Isosceles. For me its better gun handling, quicker follow up shots, have found tighter groups. Weaver stance it allows me to get relaxed and not have the control like I have on isosceles.
I’ve seen @KevinM demonstrate with a belt and the heel of the shoe - definitely a good thing to know how to do.
Hook the rear sight over your belt, sole of your boot, edge of a table, edge of a holster or other firm location and, making sure you have enough room, shove down hard and fast. This should load a round into the chamber.
This is a good question, for myself ive never been taught really how to correctly shoot. I had to learn it myself from the internet and luckly my ccw class i took was very informational. Ive tried both and cannot tell the difference. I will say shooting isosceles feels more comforable when shooting at the range.

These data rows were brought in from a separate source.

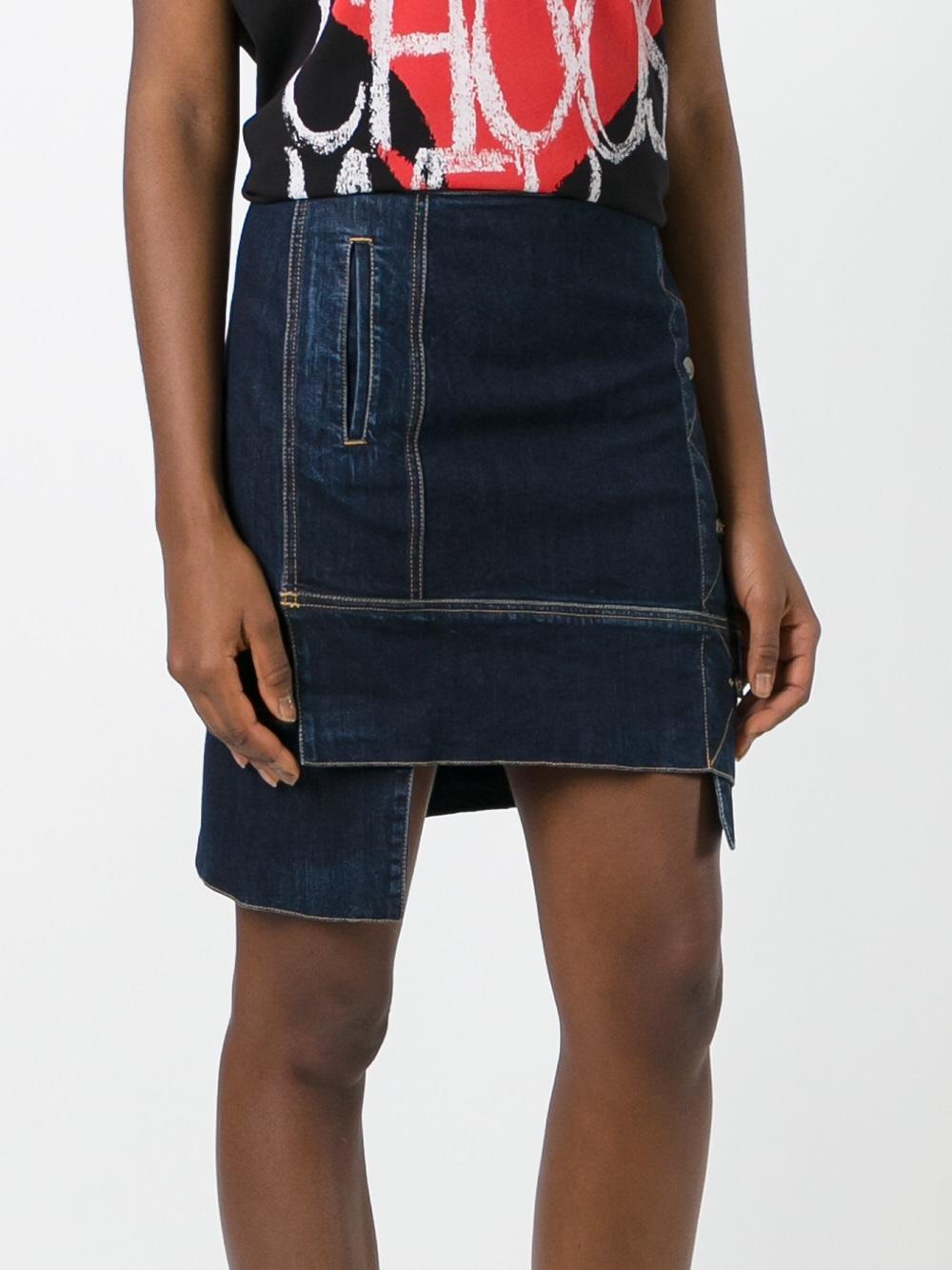 Vivienne Westwood Anglomania Cotton 'dodo' Denim Skirt in ...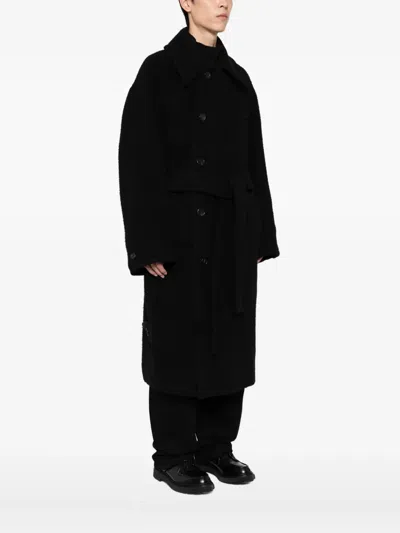 Songzio Double-breasted Coat In Black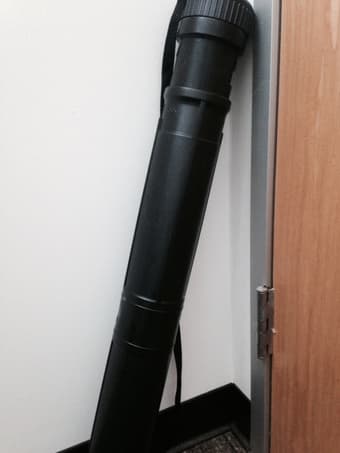 Poster carrying tube - $15 1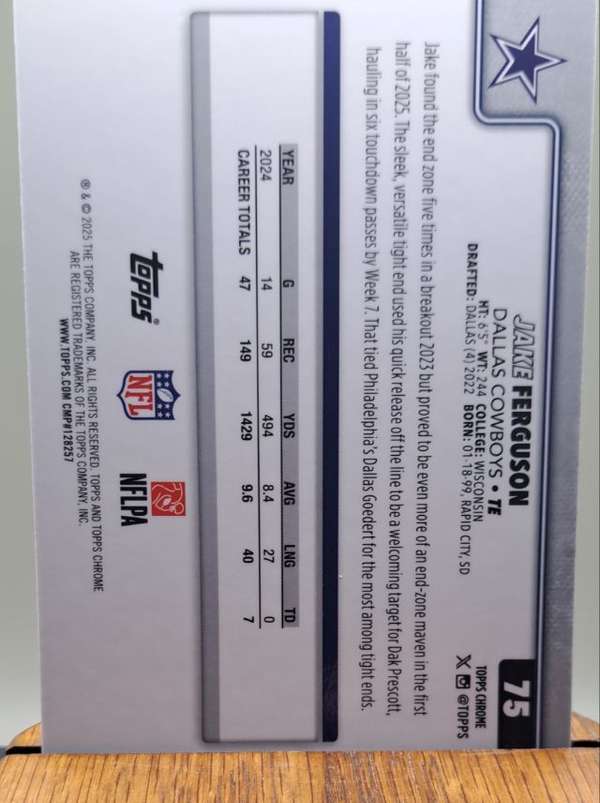Card back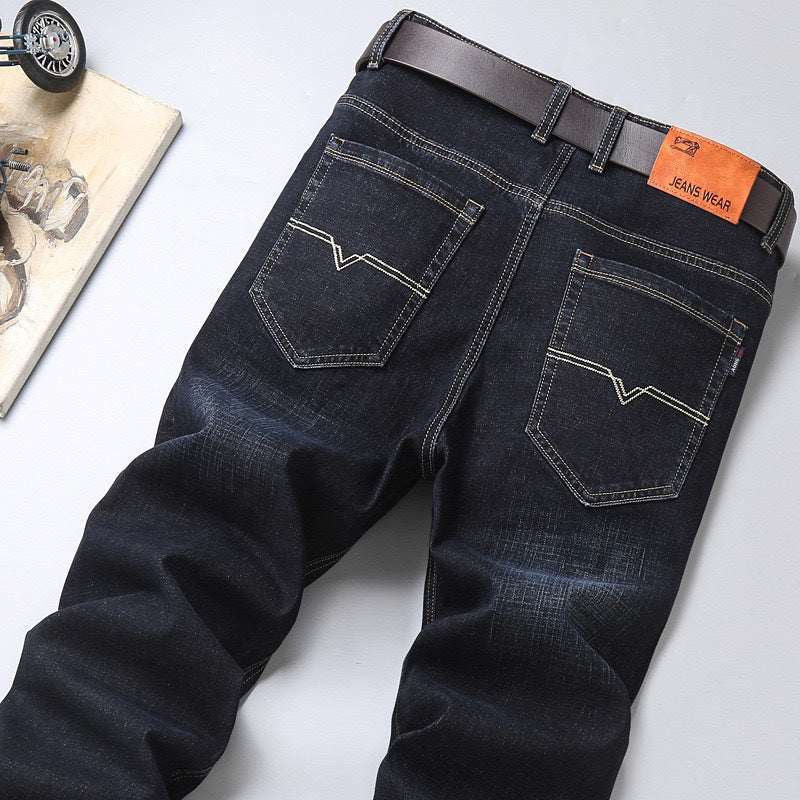 Men's Jeans Men's Loose Straight Stretch Long - VEX CLUB HOUSE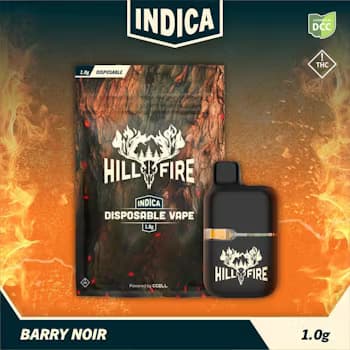 Barry Noir Disposable 1g (Indica) l Hillfire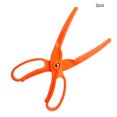 thumbnail image 2 of Xingzhi 2Pcs Fishing Pliers Line Scissors Controller Hook Remover Plastic Multifunctional Tackle Tools Fittings Orange, 2 of 6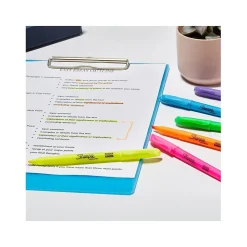 Highlighters|Sharpie Stick Highlighters, Chisel Tip, Assorted Colors, 4/Pack (2102110)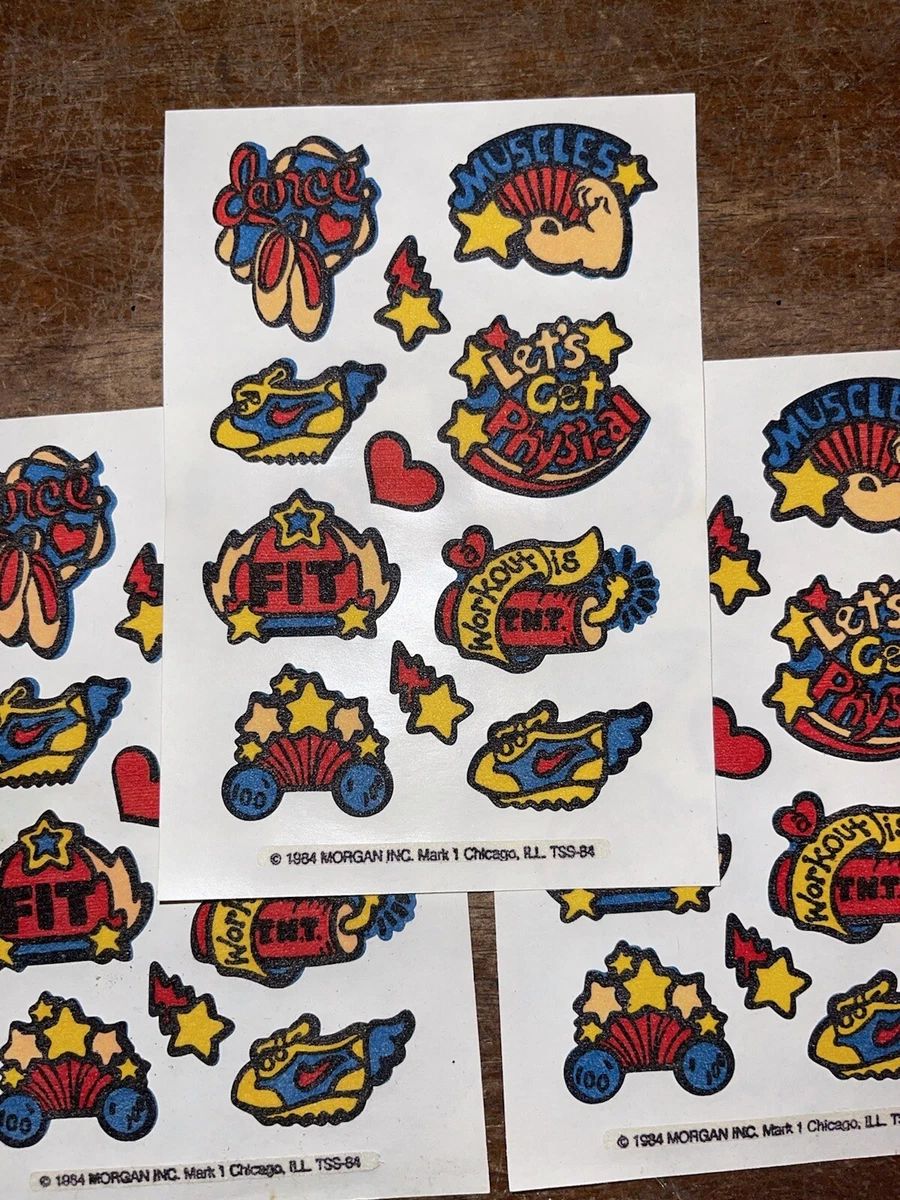 Mark 1 Scratch N Sniff Sticker Sheet amazing scent Lot Of 3 Work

Use the one that you train with. But both Weaver and Isosceles have a fatal flaw. You are standing still. Over 80% of police officer who won a gun fight MOVED during the fight. Moving toward cover or concealment or just getting out of the line of attack give you a better chance of continuing to live.
Very, very true, @Ralph1! The unfortunate thing about training at a range is you’re not able to move too much usually. Movement should be one of your priorities in your self-defense.
Modified Weaver. Years of martial arts with a basic stance of strong foot back, plus 6 months of academy training in a field interview stance has ingrained that into my muscle memory. I also like the fact that if you carry on your strong side at 3 or 4 o’clock, this puts your weapon away from the threat if you haven’t drawn yet.
I’ve had years of martial arts training, but no academy training, @Shepherd. When I did the Proving Ground two years ago I went to an Isosceles stance, even after all of my training. I was really surprised at that.
@Dawn, What is your basic stance for martial arts? Mine was a very low stance, with most of one’s weight on the back (strong) foot and the weak foot forward with minimal weight on it. My natural reaction to any use of force situation I encountered on duty, even if I wasn’t in a field interview stance was to assume my martial arts stance. If I was in an field interview stance I just lowered my center of gravity with out thinking.
I had a similar stance, right foot back, low, left arm slightly forward of the right. We called it walking stance or geodneun jase. (Tae Kwon Do)
I can’t explain why I revert to that, other than thinking it is muscle memory, or that it was years of fighting that way, but it’s what I do. I totally agree with you that people who revert to a full face stance in a confrontation should shoot Isosceles, but in countless encounters I’ve always bladed myself away so will probably always shoot modified Weaver. I’ve trained Isosceles and can shoot just as well that way, but naturally revert back to a modified Weaver.
And in a self-defense situation, I hope we all remember to move to cover as quickly as possible. We definitely won’t have extra time to say, wait, I need to be in XYZ stance before I can shoot.
Exactly! I should have stated that I was thinking up close encounters with limited distance between the two individuals. Naturally, if there is a good distance separating the two, then it is a move to cover situation while engaging. The “dashcam” description in the article put me in mind of either traffic stops or interviewing someone on the street or a public area where you have gotten close to them.
One thing we don’t always consider when we talk about the “best stance” is the fact that we won’t have that time to get into a stance and adjust to have a perfect shot on target. We’ll have to shoot from whatever position we’re in. Training to address the aggressor with a good sight picture will be more important that your stance. And train to move to cover!
Believing in the “train how you will fight” idea. Being a martial artist I tend to step into a modified weaver stance, kind of a “front stance” sideways angle from the assailant. So I do shoot mostly from this position but also shift to isosceles and weak leg forward as well. My thoughts are you never know what “stance” you will be able to step into in a breath sometimes. Be ready from any position. Just my half a cent.
Very true! And that may include moving. Wish my range allowed move and shoot. Does the one you shoot at allow it, @Michael13?
Yeah to move and shoot I have to go to the gun club with outdoor range.
Unfortunately it’s been in the 115° range, so that’s out. Do you know how hot metal target stands get in 115°+ heat?
The range doesn’t but I have a relative that has a range on some property. I learn so much from him, Army vet/sniper & sniper trainer. There is where I can move and fire.
At the range I shoot at it is pretty standard. Stand in your block and fire down range.
I’m cross dominant and find it faster to get sights on target with a Weaver stance.
That’s not surprising to me, @Michael1. Do you train in multiple stances so that you’re prepared if you have to shoot for a different position?